Whether you’re after cosmopolitan convenience or countryside castles, Italy it seems, is becoming a wise investment again.
For lovers of history, art, culture and food, Italy has always had a certain draw. But even the biggest Italophiles often shop around for years before committing to buying a home, while more strategic real estate investors have been known to avoid the country altogether, especially since Europe’s housing crisis. All that, however, is starting to change, as Gemma Bruce MD of Casa & Country explains:
“We have clients we dealt with six, seven, eight years ago who had been on our database and have now suddenly reappeared. They’ve decided that whilst they were nervous to put their money into Italy, as much as they loved it, a few years ago, they’ve come back and [said], ‘Right, now’s the time.’”
The trend it seems is also broader than any one region or type of market.
“We’ve seen a real change, in particular in the last 12 to18 months,” adds Jelena Cvjetkovic, a director at Savills. “It’s across the range of properties - city apartments, but also country properties in some of the old favourites like Tuscany and Umbria. Some of the affiliates that we work with in those areas have reported their best years since the onset of the financial crisis.”
Italy was slow to feel the effects of the housing crisis that swept southern Europe in 2008. It has also been slower to recover. The market hit its lowest point in 2016-17, with prices now starting to climb again over a sustained period.

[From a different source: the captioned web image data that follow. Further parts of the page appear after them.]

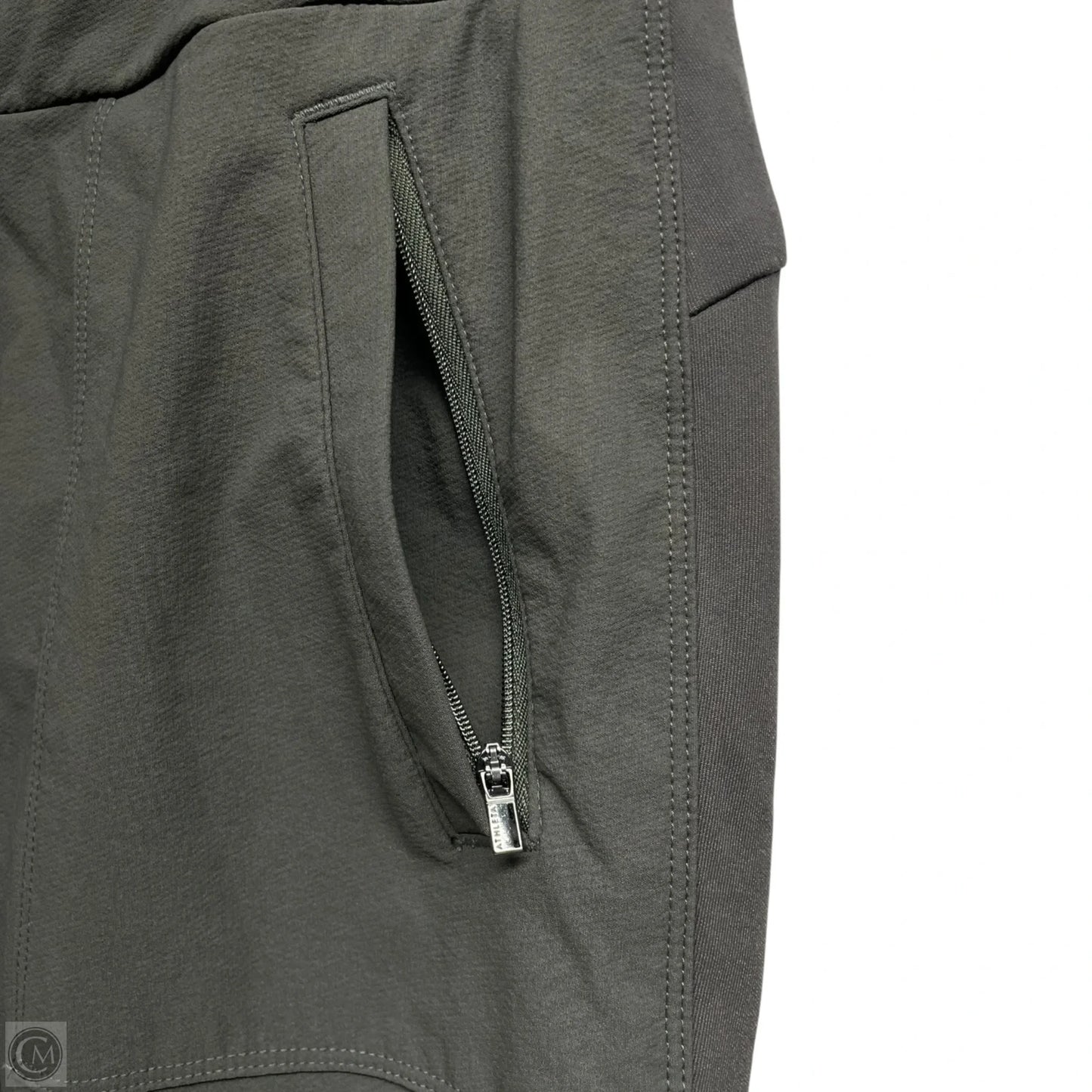 Athletic Pants By Athleta In Taupe, Size: 6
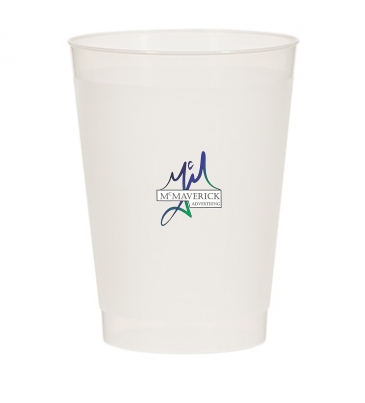 10 Oz. Frost Flex Cup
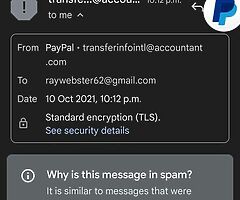 Beware of this scammer - Image 3/6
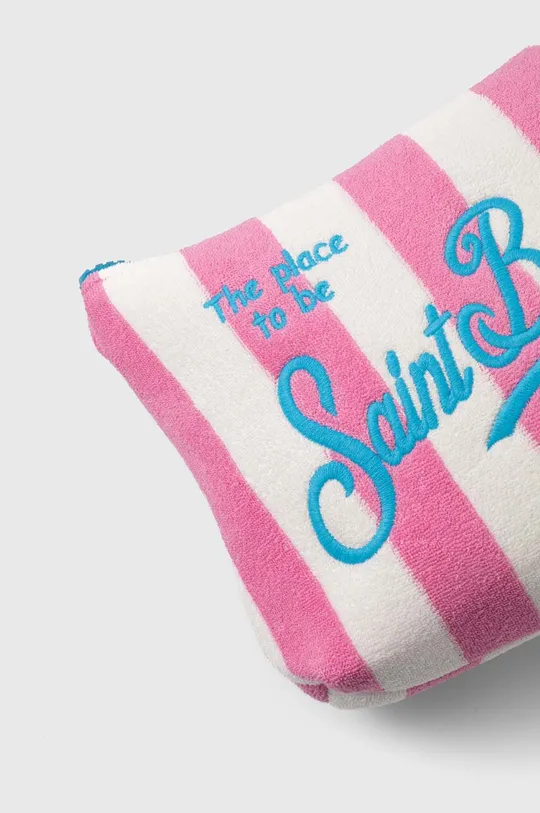 rózsaszín MC2 Saint Barth kozmetikai táska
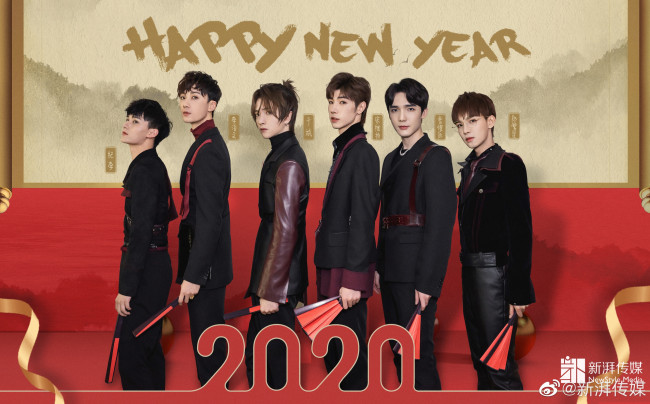 Обои картинки фото музыка, the untamed boys, the, untamed, boys, li, bo, wen, ji, song, yang, cao, yu, chen, paul, bin, zheng, fan, xing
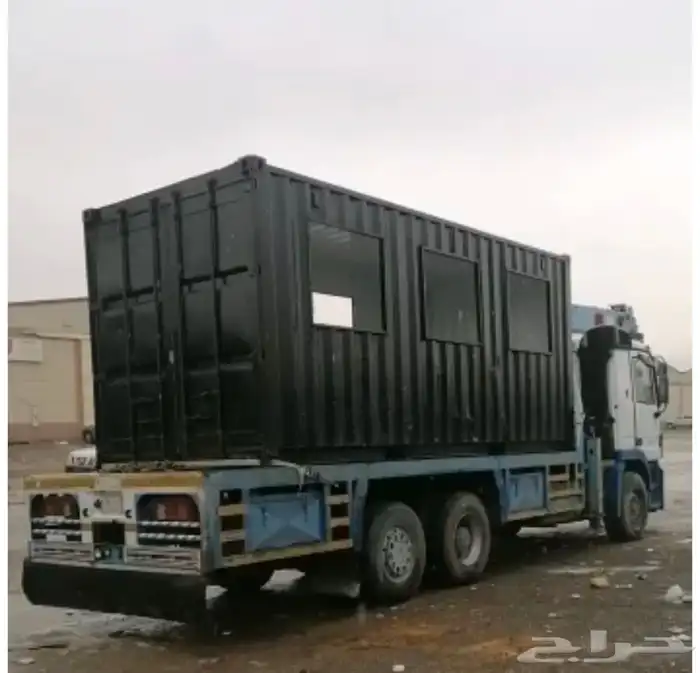 كونتينر كونتينرات للبيع والتأجير 20 و 40 قدم container 14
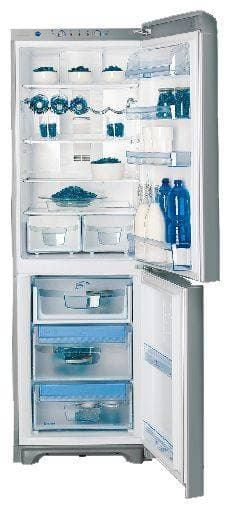Руководство по эксплуатации к холодильнику Indesit PBAA 33 NF X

While most luxury homebuyers still tend to be northern European, especially from Germany, the U.K., France, Switzerland, Belgium, Holland and Scandinavia, more recently, buyers from Eastern Europe and Asia are sharing an interest, as well as from the Middle East and South America. Several agents cite increased interest from Brazil and Argentina.

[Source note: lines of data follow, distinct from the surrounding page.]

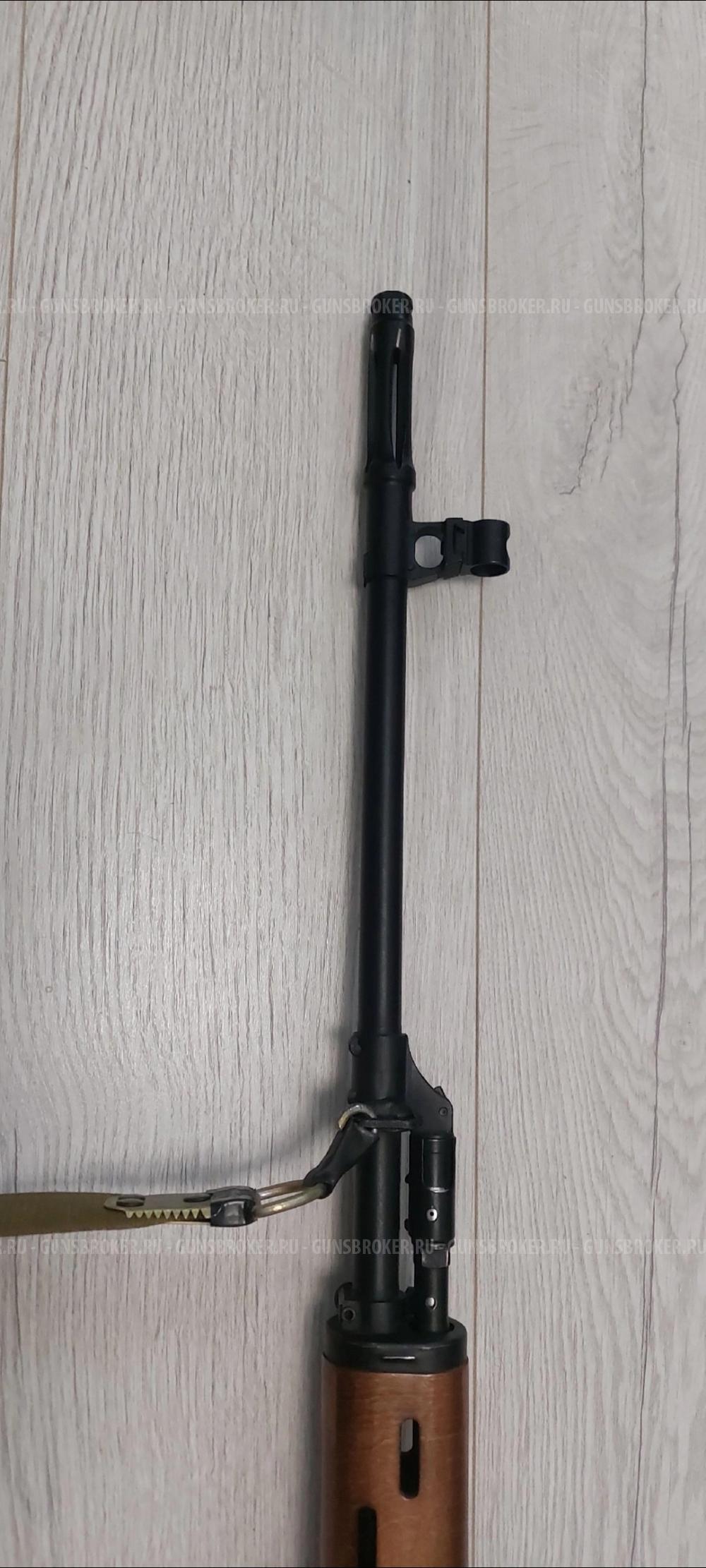 Тигр исп.5 кал.7,62/54 L620 дерево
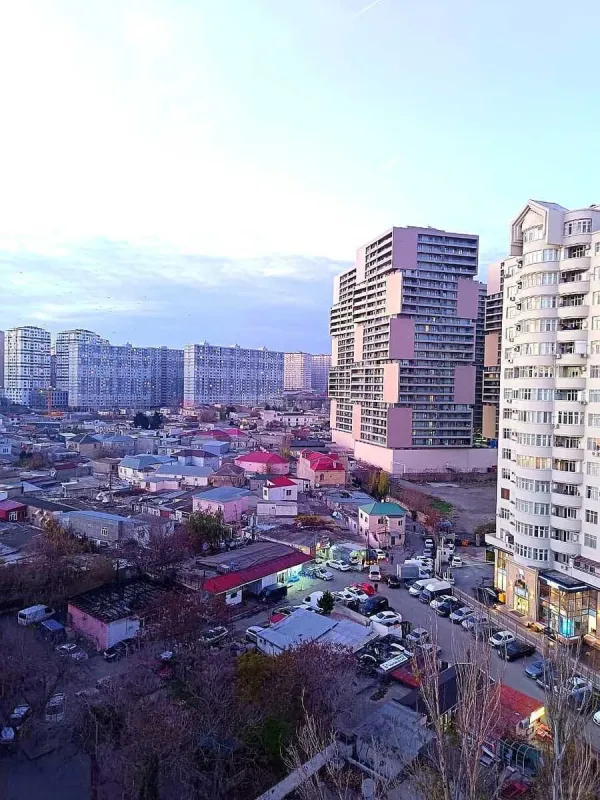 Satılır 3 otaqlı mənzil 100.5 m²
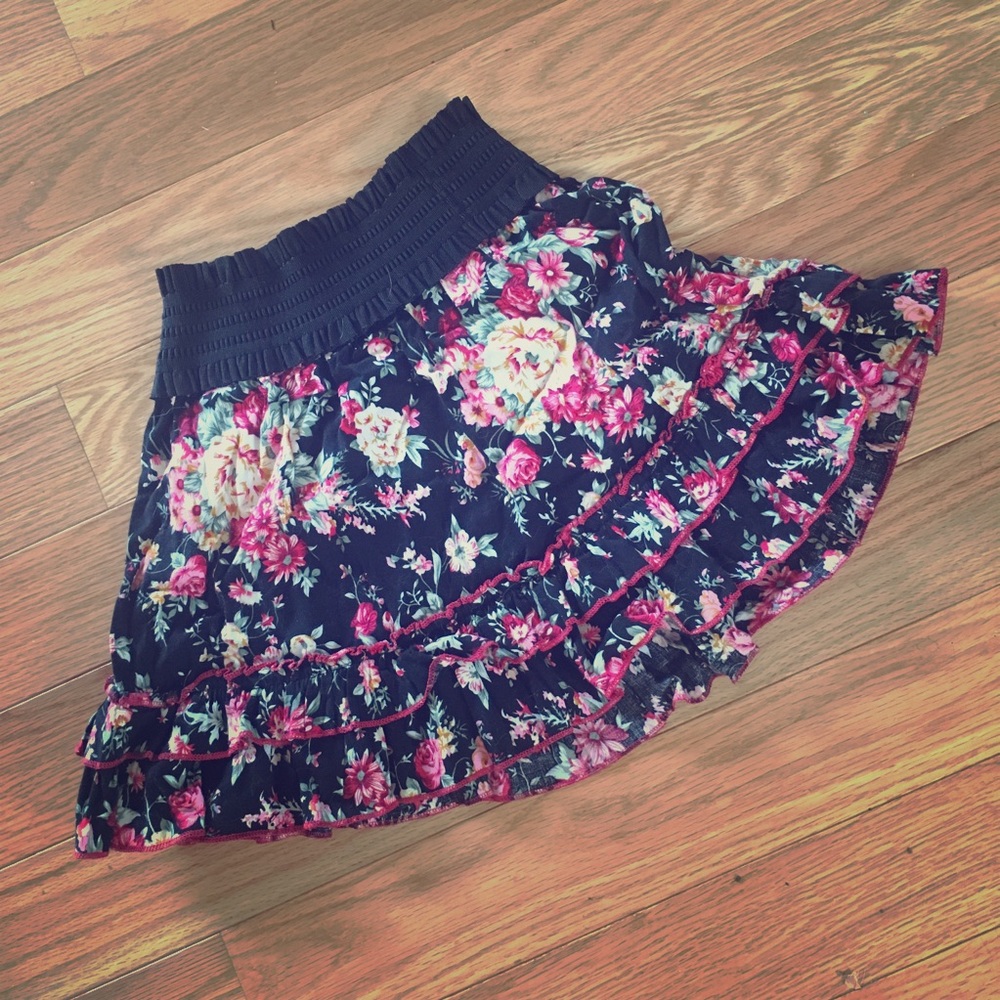 Floral skirt (small)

One major driver is a new tax regime the government rolled out in 2017. It allows individuals who set up residence in Italy an annual flat tax of €100,000 (US$112,886) on foreign-earned income and €25,000 for family members. The new tax scheme has generated foreign interest as well as interest from Italians who have lived as expats abroad and could now return on more favourable terms.

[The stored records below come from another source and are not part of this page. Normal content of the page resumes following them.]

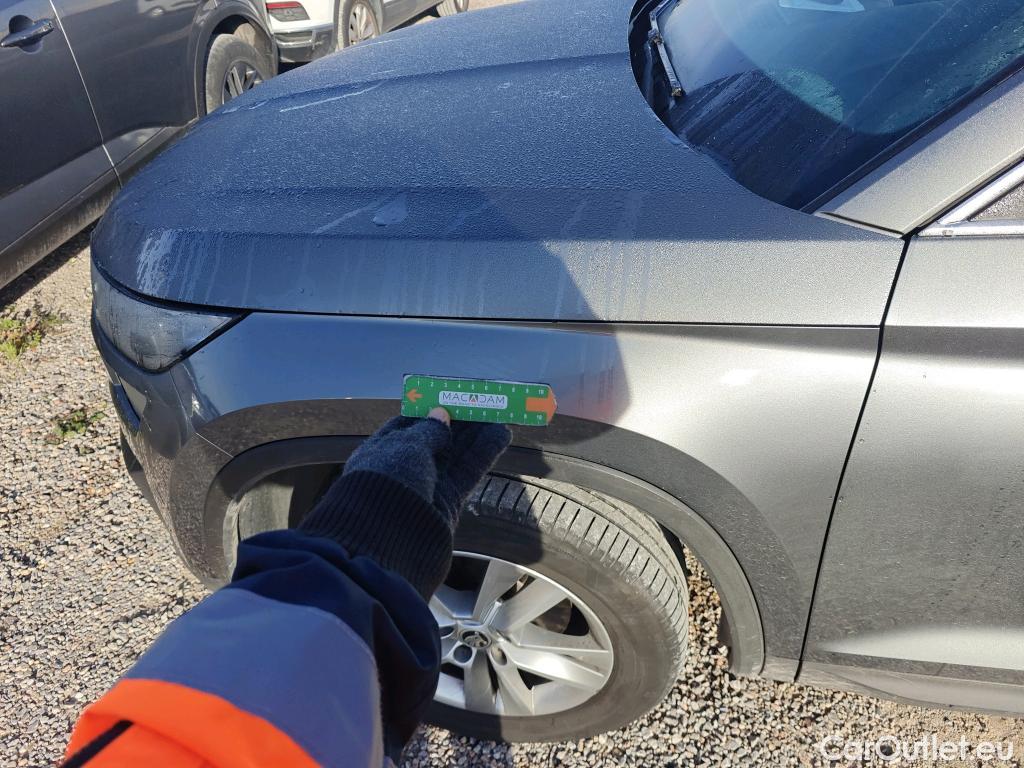  Skoda  Kodiaq SKODA  / 2021 / 5P / todoterreno 1.5 TSI 110KW (150cv) 4x2 Ambition #21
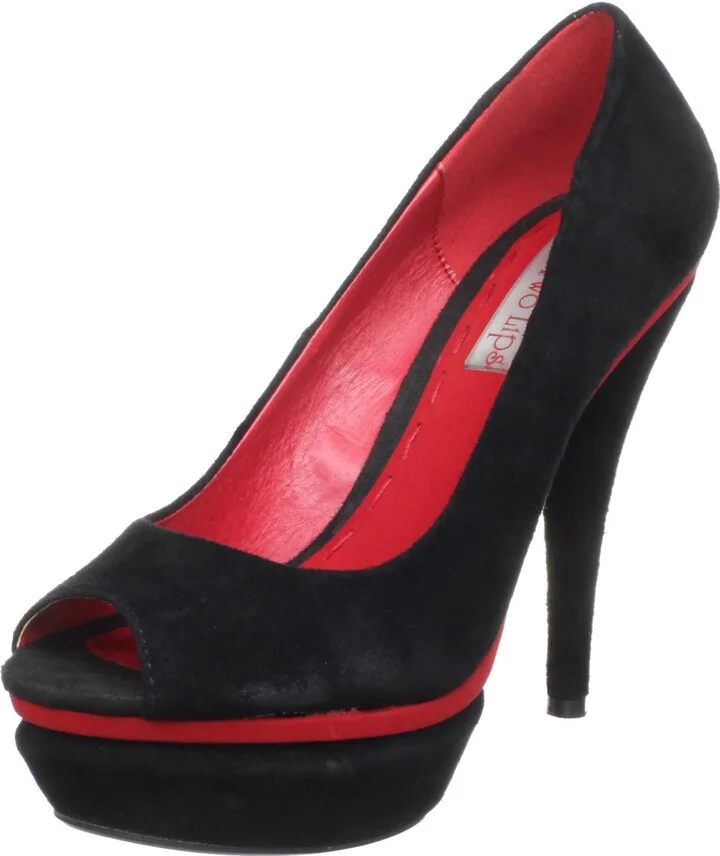 Two Lips Women's PRENUP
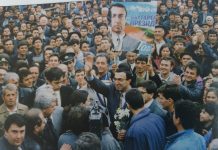 През 2001 година паролата беше: Всички срещу президента Стоянов Петър Стоянов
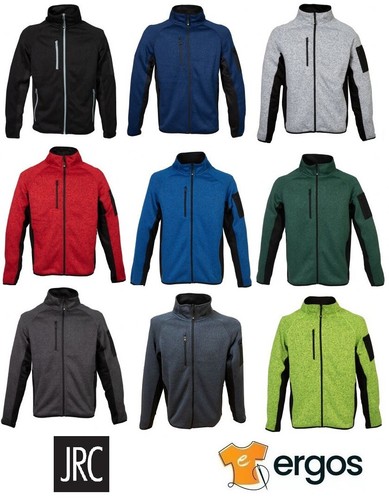 Jrc knitted fleece - knitted,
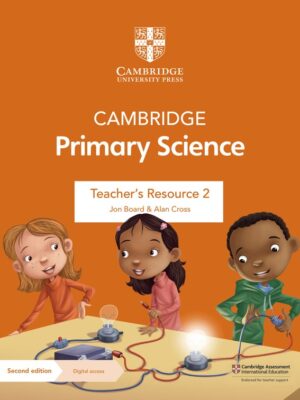 Cambridge Primary Science Teacher's Resource 2 Second Edition (2021)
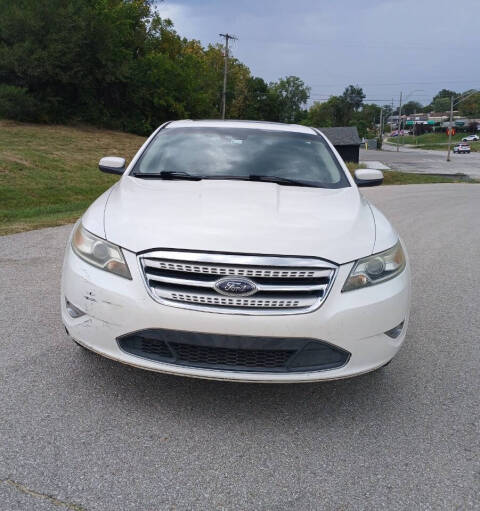 2010 Ford Taurus for sale at Fast Track Auto Mart in Kansas City, MO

From a pure investment standpoint, major cities such as Milan and Rome are leading the way. This mirrors a Europe-wide trend toward investing in city markets, both for income opportunities via short-term rentals and for the convenience of urban living. But while home prices have spiked in places like Lisbon, Barcelona and Madrid, which are coming off a lower post-crisis base, Italy’s cities still have a lot of room to grow.
Italy is proving attractive on the political front as well. Not only are real estate taxes low compared to neighbours like France, they are unlikely to be raised anytime soon. It’s historically something Italy doesn’t do.
Adds Ms Bruce: “Italy seems to be more resilient to political change than other countries at present where you notice a slowdown in demand and enquiries in a particular location because they’ve got upcoming elections. Italy has fairly regular elections and yet that doesn’t seem to affect appetite as much there. It could be that the Italian government has chosen to pursue its more favorable tax regimes in order to capitalise on political turbulence elsewhere on the continent.”